Delaro debuted on stage in 1881 at Brooklyn's Grand Opera House "in a repertory of comic operas". She portrayed Melissa in the first authorized New York production of Gilbert and Sullivan's Princess Ida in 1884 and an 1885 production of The Mikado at Hollis Street Theatre in Boston, Massachusetts. In 1888, she was in the production The Queen's Mate. Her other Broadway credits included The Pearl of Pekin (1889), Mam'selle 'Awkins (1900), and Babes in Toyland (1903).

She began her film career in 1913 short film Love in an Apartment Hotel.

Delaro was married to attorney William S. Barnes. She died on April 18, 1941, in New York at age 80.

== Filmography ==

- Love in an Apartment Hotel (short film, 1913)
- For Better or for Worse (short film, 1913)
- The Hoodoo Pearls (short film, 1913)
- The Van Nostrand Tiara (short film, 1913) as Mrs. Van Nostrand (credited as Hattie Barnes)
- The Master of the Strong (short film, 1914) as Mrs.
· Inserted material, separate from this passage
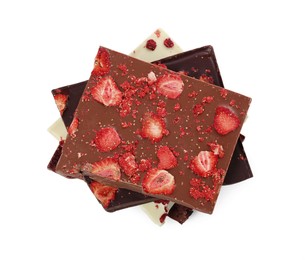 Photo of Chocolate bars with freeze dried strawberries on white background, top view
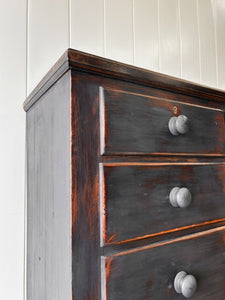 An Ebonized Antique English Chest of Drawers/Dresser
Shelby
- Men and Women (short film, 1914) as Will and Dora's Mother
- Uncle Tom's Cabin (1914)
- The Pit (1914) as Mrs. Cressler
- The Reward (short film, 1915)
- Lillian's Husbands (short film, 1915, credited as Hattie De Laro)
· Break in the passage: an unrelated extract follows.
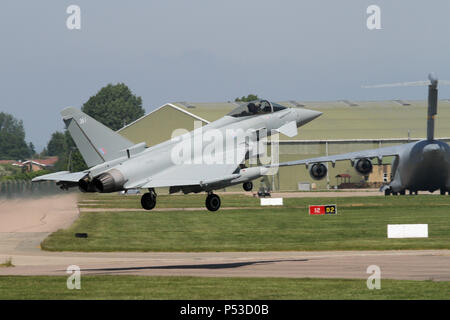 Royal Air Force Typhoon FGR4 sopra la pista e attorno alla terra a RAF Coningsby, casa di base. Nota Il USAF C-17 trasporto parcheggiato dietro. Foto Stock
- For the Honor of the Crew (short film, 1915) as Viola's Mother
- The Heights of Hazard (1915) Mrs. Martindale (as credited Hattie de Lara)
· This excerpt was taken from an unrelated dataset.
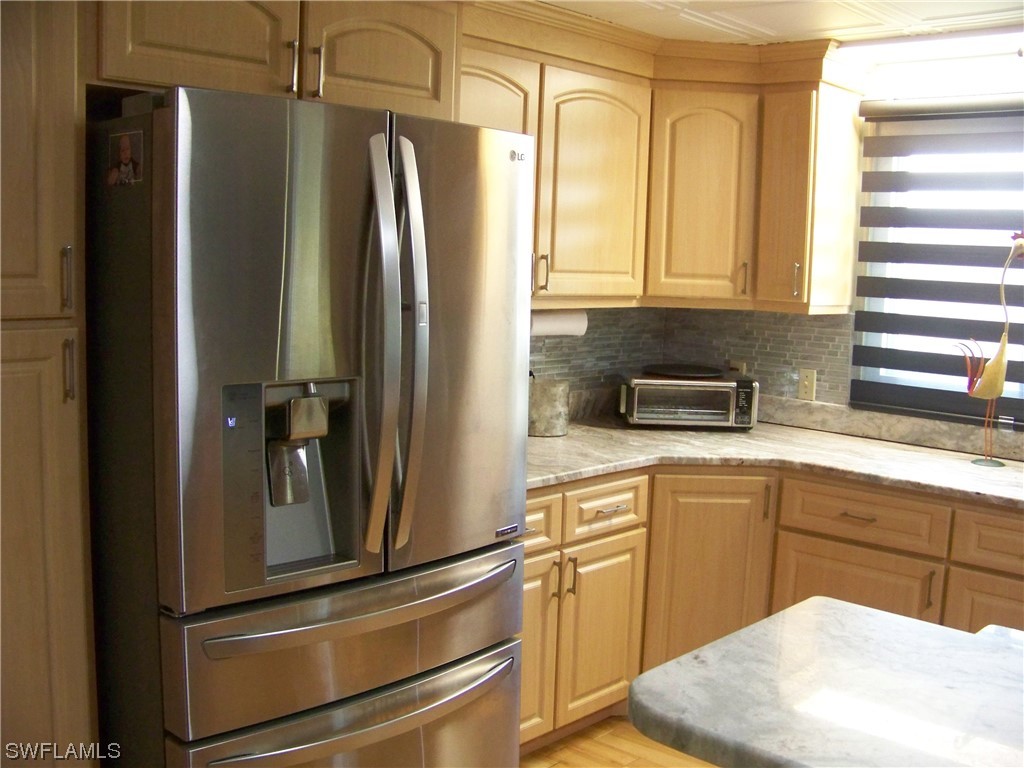 15550 Burnt Store Road, Unit 51 Punta Gorda, FL 33955 - Photo 17 of 50 a kitchen with stainless steel appliances granite countertop a refrigerator and a sink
- The Little Lady Across the Way (short film, 1915) as Jane's Aunt
- Almost a Papa (short film, 1915) as Mother
- Kennedy Square (1916) as Mrs. Rutter
- Gold and the Woman (1916) as Nurse
- The Eternal Sappho (1916) as Mrs. Marvin, Sr.
- The Scarlet Runner (1916) (credited as Hattie De Laro)
- The Awakening of Helena Richie (1916) as Mrs. King
- He Never Touched Me (short film, 1917) as The Wife's Strong-Jawed Mother
- Sloth (1917) as Sally's Mother
- A Night in New Arabia (1917) as Henrietta
- The Seven Deadly Sins (1917) as Sally's Mother (Sloth)
- Marriage (1918) as Mrs. Van Alstyne (credited as Hattie Delaro Barnes)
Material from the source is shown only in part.